**Exercise directions:**
Word for word, copy out the data below, omitting pictures.

**Materials provided:**
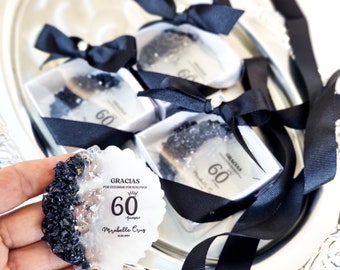 Black Stone Anniversary Magnet Favors: Personalized Party Keepsake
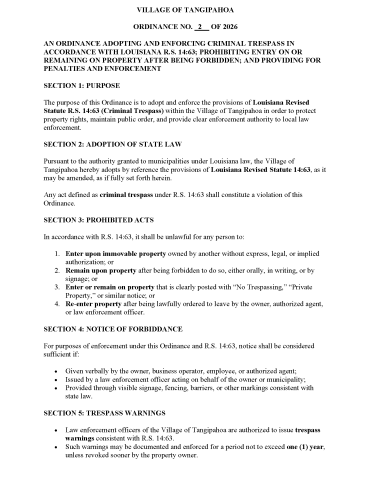 Village of Tangipahoa Ord. #2 - 2026 pg1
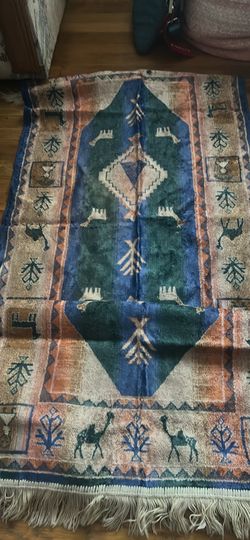 Vintage Camel and Palm Tree Tapestry Rug Size . Length:7 feet Width:11.41 inches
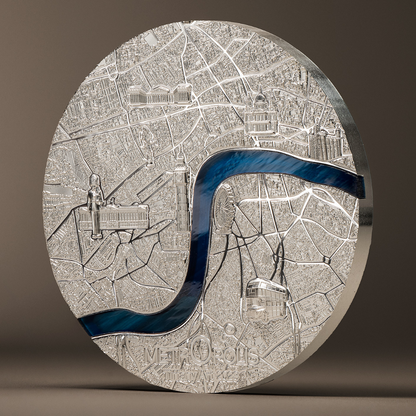 London Tiffany Art Metropolis 3 Oz Silver Coin 2023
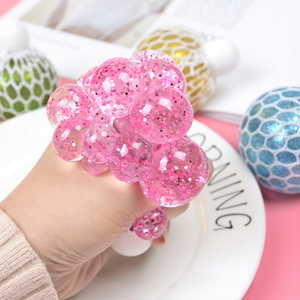 7cm Colorful Bead Grape Squeeze Ball Stress Relief Fidget Toy Creative Squishy Vent Ball for Boys & Girls Unisex Anxiety Relief - Product Image 1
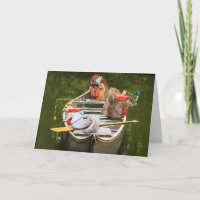 Funny Squirrels In Canoe In Life jackets Birthday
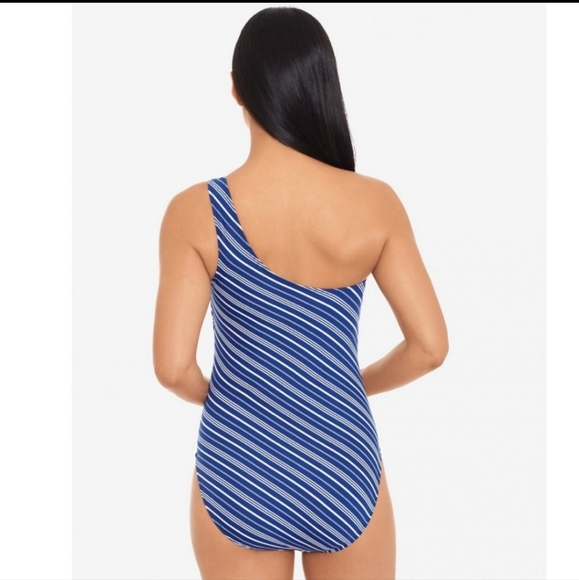 Ralph Lauren Striped One Shoulder One-Piece Swimsuit - Picture 3 of 9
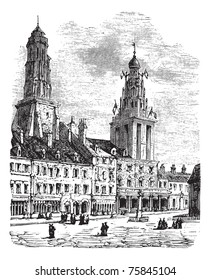 Calais city in France. City square, city hall and lighthouse vintage engraving. Old engraved illustration of a city scen in Calais, 1890.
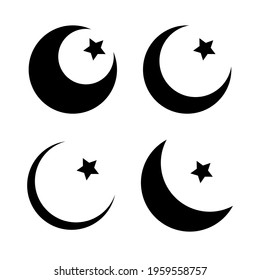 set illustration of a crescent moon and star. Islamic symbol. Islamic icons can be used for the month of Ramadan, Eid and Eid Al-Adha. for logo, website and poster designs. vector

**Answer section:**
 Black Stone Anniversary Magnet Favors: Personalized Party Keepsake
 Village of Tangipahoa Ord. #2 - 2026 pg1
 Vintage Camel and Palm Tree Tapestry Rug Size . Length:7 feet Width:11.41 inches
 London Tiffany Art Metropolis 3 Oz Silver Coin 2023
 7cm Colorful Bead Grape Squeeze Ball Stress Relief Fidget Toy Creative Squishy Vent Ball for Boys & Girls Unisex Anxiety Relief - Product Image 1
 Funny Squirrels In Canoe In Life jackets Birthday
 Ralph Lauren Striped One Shoulder One-Piece Swimsuit - Picture 3 of 9
 Calais city in France. City square, city hall and lighthouse vintage engraving. Old engraved illustration of a city scen in Calais, 1890.
 set illustration of a crescent moon and star. Islamic symbol. Islamic icons can be used for the month of Ramadan, Eid and Eid Al-Adha. for logo, website and poster designs. vector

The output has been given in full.